When Prime Minister Kan Naoto raised the possibility of Japan's participation in the Trans Pacific Partnership, he likened it a "third opening" of Japan -- on a par with the transformation wreaked upon Japan by the arrival of Commodore Matthew Perry's black ships and the post-surrender Occupation of Japan.
Besides the tactical problem of trying to present the TPP in a positive, neutral light after describing it as commensurate with the two instances the United States forcefully dragged Japan into its vision of a world order (and boy oh boy, have the troglodyte nationalists and anti-American leftists gone to town on portraying the TPP as an American plot to destroy Japan...not that Japanese special interests are not slowly destroying Japan on their own without U.S. interference, thank you very much) is the question of the real value Japan can draw out of a further set of shocks to its system. What with the reconstruction of the Tohoku region, the continuing disaster that is Fukushima Daiichi (now they are finding evidence the melted fuel at the bottom of the reactor has gone critical...oh great), the soaring yen (pax Richard Katz and others who argue that the yen is not at an aberrantly high level), declining population and fertility and a looming mass of baby boom retirees landing on the pension system, the rise of highly competitive rivals in all tradeable goods, does Japan actually need any more shock treatment? The Nippon Keidanren (and when the history of the TPP fight is written, the Nippon Keidanren's complacency and sloth should be the subject of scathing criticism) and the government have not made the case that this is so.
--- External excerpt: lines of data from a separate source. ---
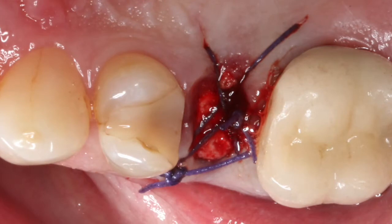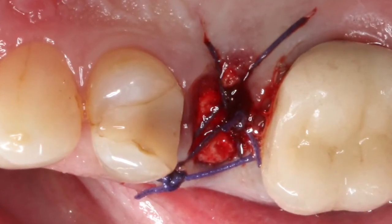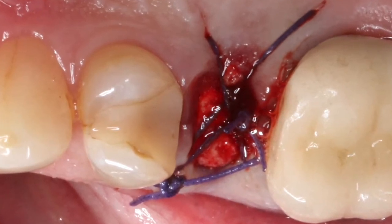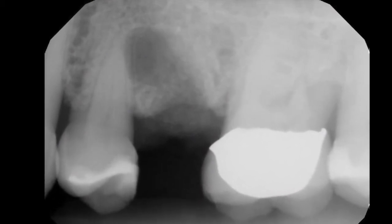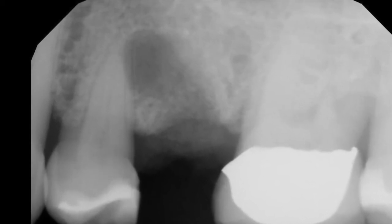The area will then be sutured closed. I have just two cross-linked Vicryl sutures, and you can see immediately postoperatively what this material looks like. You can see that there is a little bit of radio opacity, not so much at the apical portion.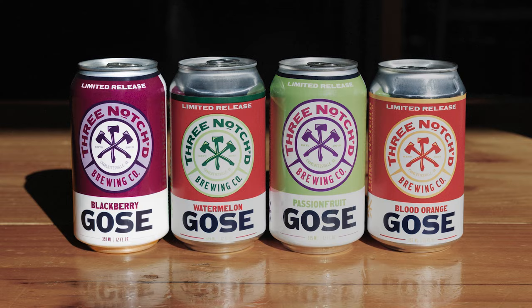Today we are brewing our Blackberry Goza with Blackberry Artisan from Amoretti. Awesome. Can you kind of walk us through the process? Sure.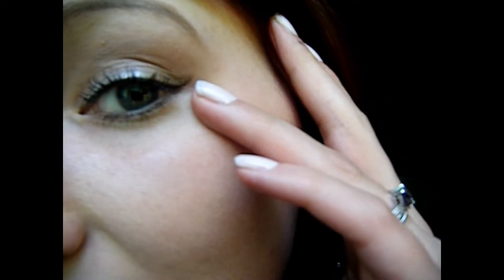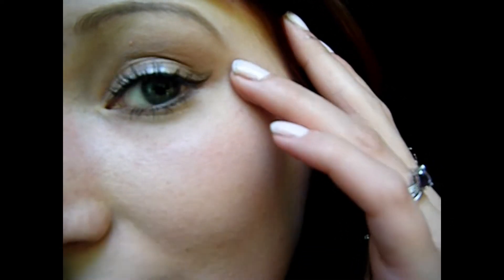Next I'm going to take my Incolor Fabuliner and just make the thinnest line right on my lash line. I'm not going to line like this, I'm just going to kind of push it in. Then for the outer part of the wing, I brought the liner to about a little past halfway to where the end of the silver wing is — just a very, very thin line.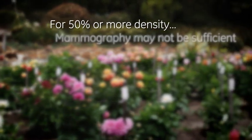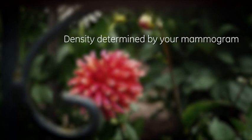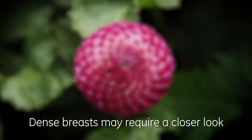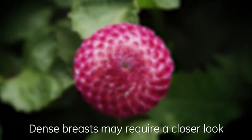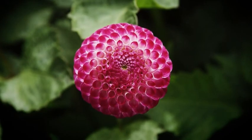More than 50% dense, mammograms may not be sufficient for screening. Breast density is identified through an assessment of your mammogram. If you are informed that you have dense breasts, your physician may suggest another screening exam with 3D ultrasound, which can view dense tissue clearly, does not expose you to any additional x-rays, and is relatively comfortable.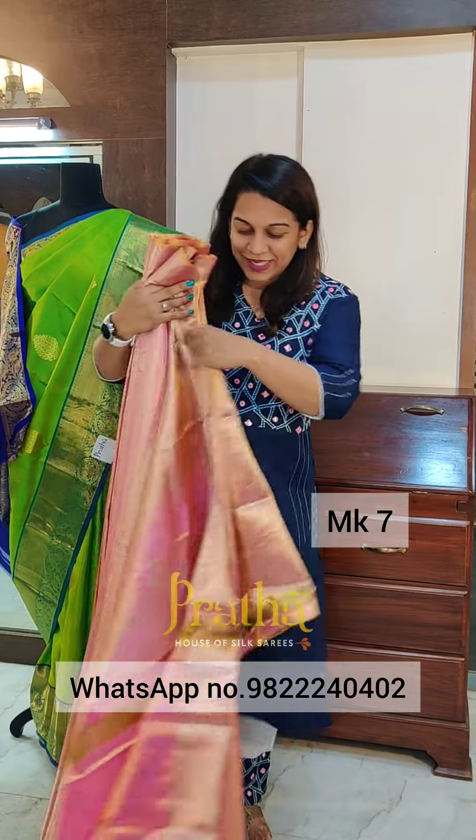Hello everyone, welcome to Pratha. This is Kavita Koparkar. I am showing beautiful Kanjivaram sarees today. We have very pretty brocade Kanjivarams with tissue zari in beautiful, lighter, pastel, festive colours. So let's begin.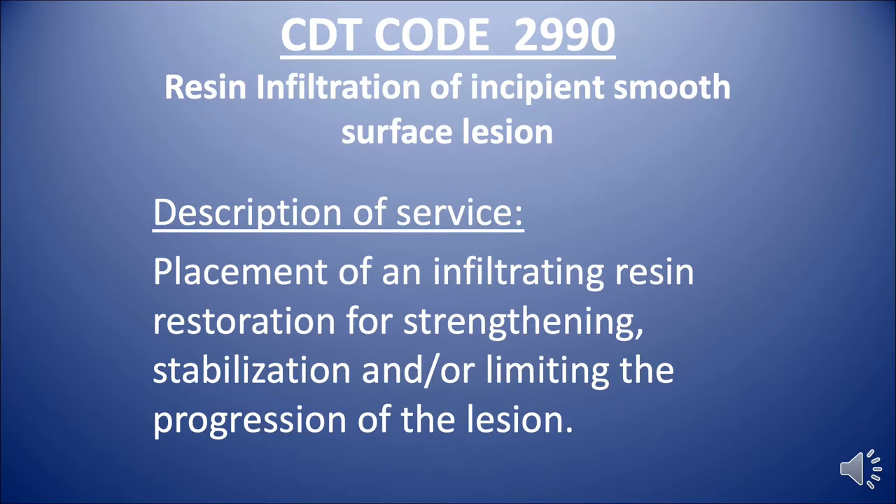The CDT code is 2990. It's called Resin Infiltration of an Incipient Smooth Surface Lesion, and the description is Placement of an Infiltrating Resin for Strengthening, Stabilization, and/or Limiting the Progression of the Lesion.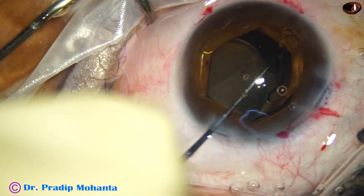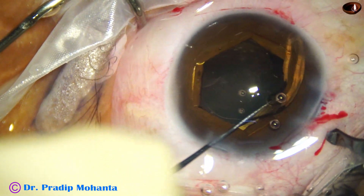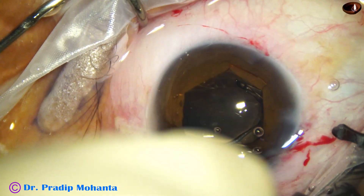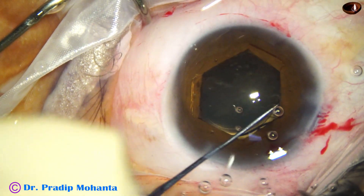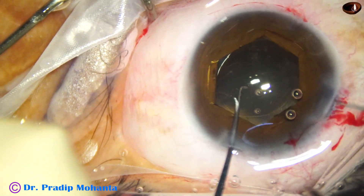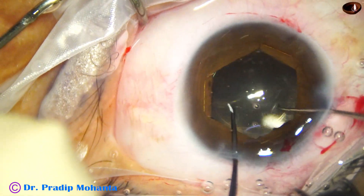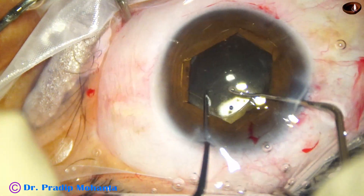One haptic — the trailing haptic — has not gone in the bag, and you have to be very careful. Should not place the B-hex yet. And very carefully it is placed in the bag by the left hand using the usual chopper.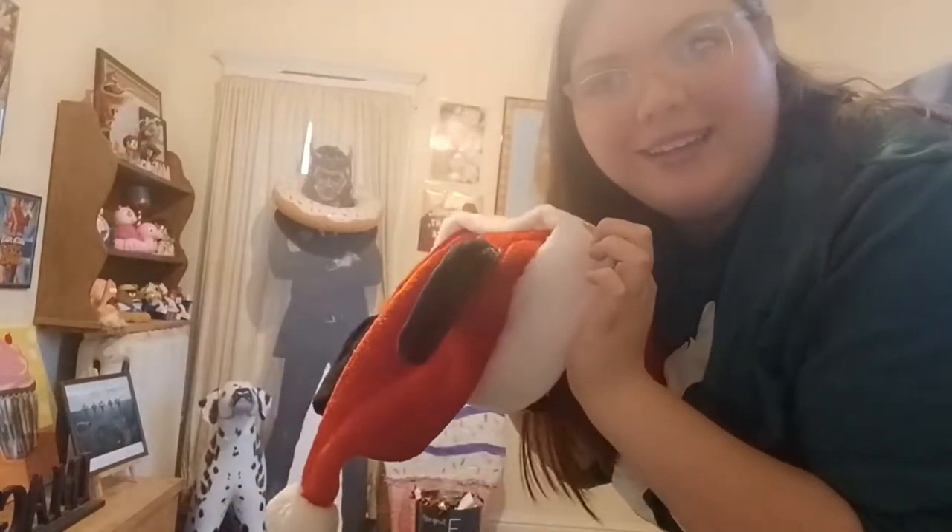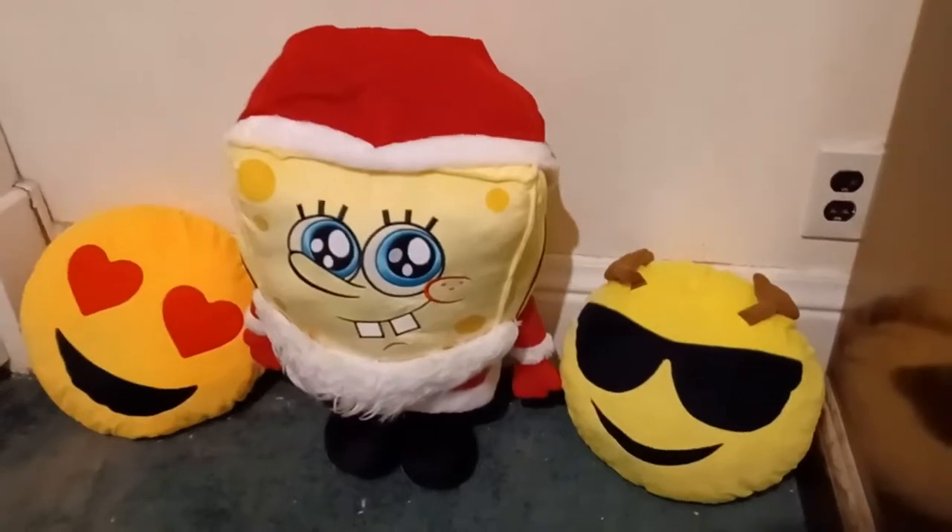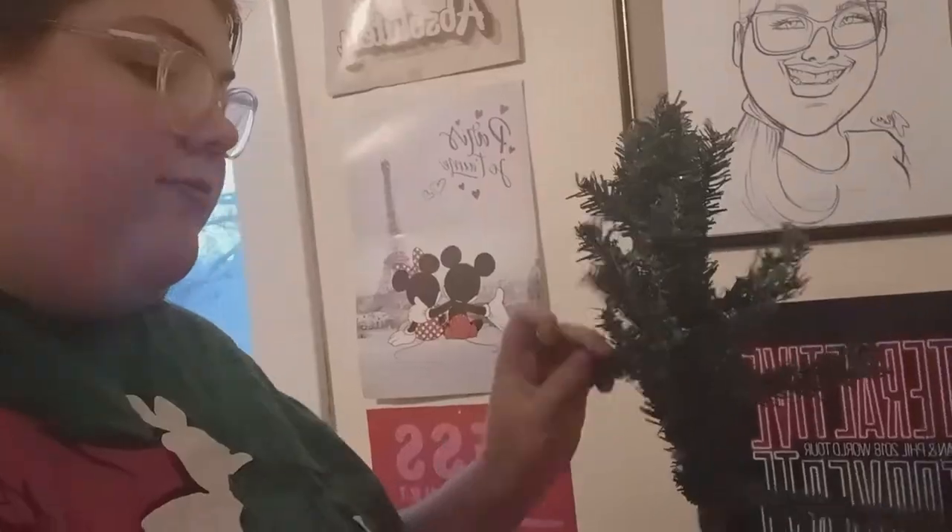First things first, Loki is looking way too summer festive. We need to get him into Christmas festive. And let's spruce up the rest of the room while we're at it. Here he is! Doesn't it look so cute? Now it's time for the coup de grâce — the tree.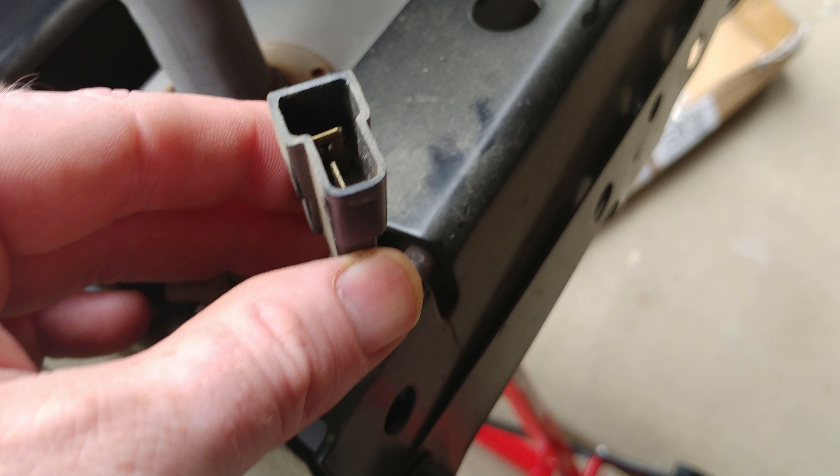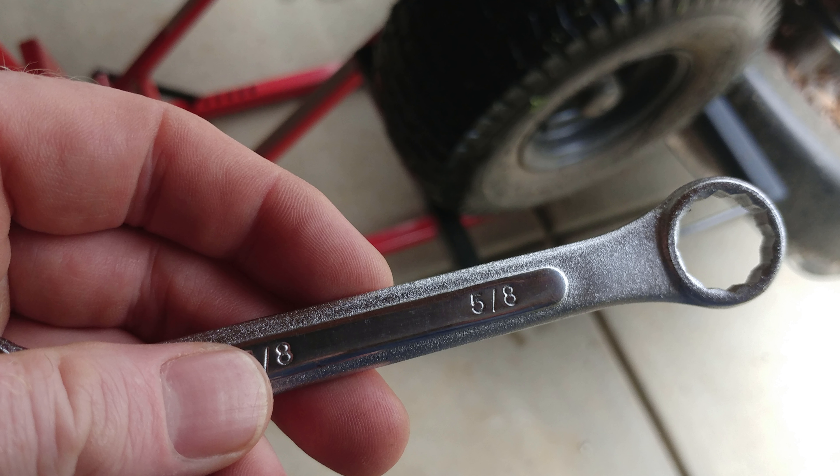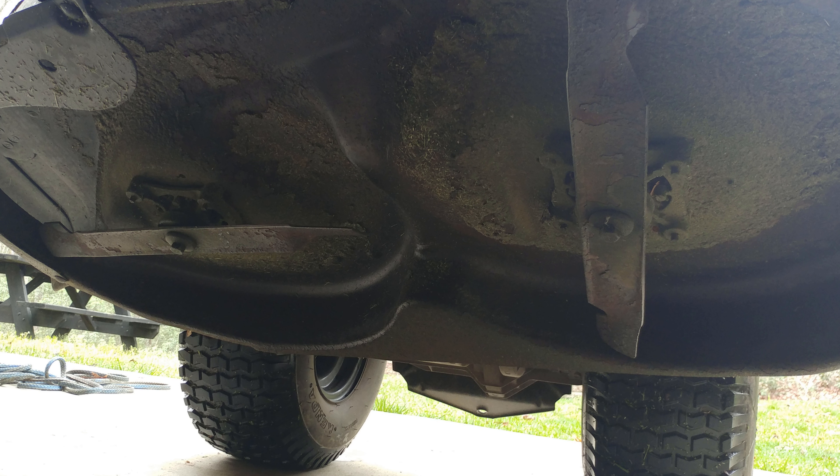You're also going to have to disconnect the wiring that goes to the headlights and basically end up taking the hood off the lawnmower. From there you can get to work.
A society can only take so much torsion before it breaks. It it should not surprise anyone that in the next week the Noda government packs it in on the TPP fight, realizing the country faces way internal challenges that only can be handled on an individual and idiosyncratic basis, rather than via a multilateral, all-encompassing template.
If the Prime Minister really believes that TPP participation is not beyond the pale, the next key date is November 8, when the Liberal Democratic Party is scheduled to release its position paper on TPP participation. Based on what the main opposition party says, the New Komeito having already come out against TPP participation, the government and the Democratic Party of Japan will map out their next moves.